STORED DATA:
-- -- --
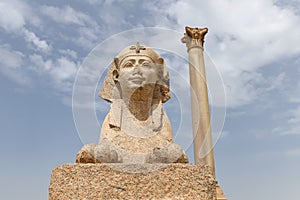 Pompey Pillar in Alexandria, Egypt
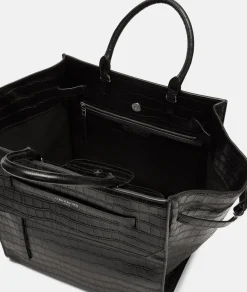 Croco Lora Satchel L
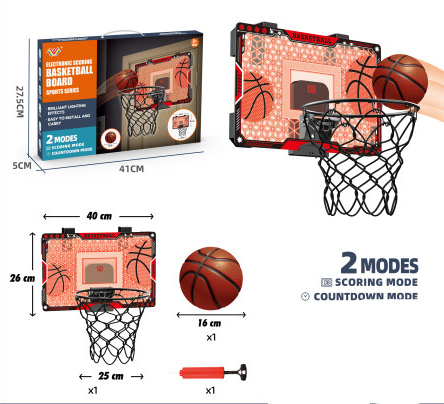 YR305085-Outdoor Toy Foldable Electronic Scoring Basketball Frame Basketball Boar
-- -- --
DIRECTIONS: Please return each line of the listing exactly as written, excluding the images.

ANSWER TO THE PROBLEM:
 Pompey Pillar in Alexandria, Egypt
 Croco Lora Satchel L
 YR305085-Outdoor Toy Foldable Electronic Scoring Basketball Frame Basketball Boar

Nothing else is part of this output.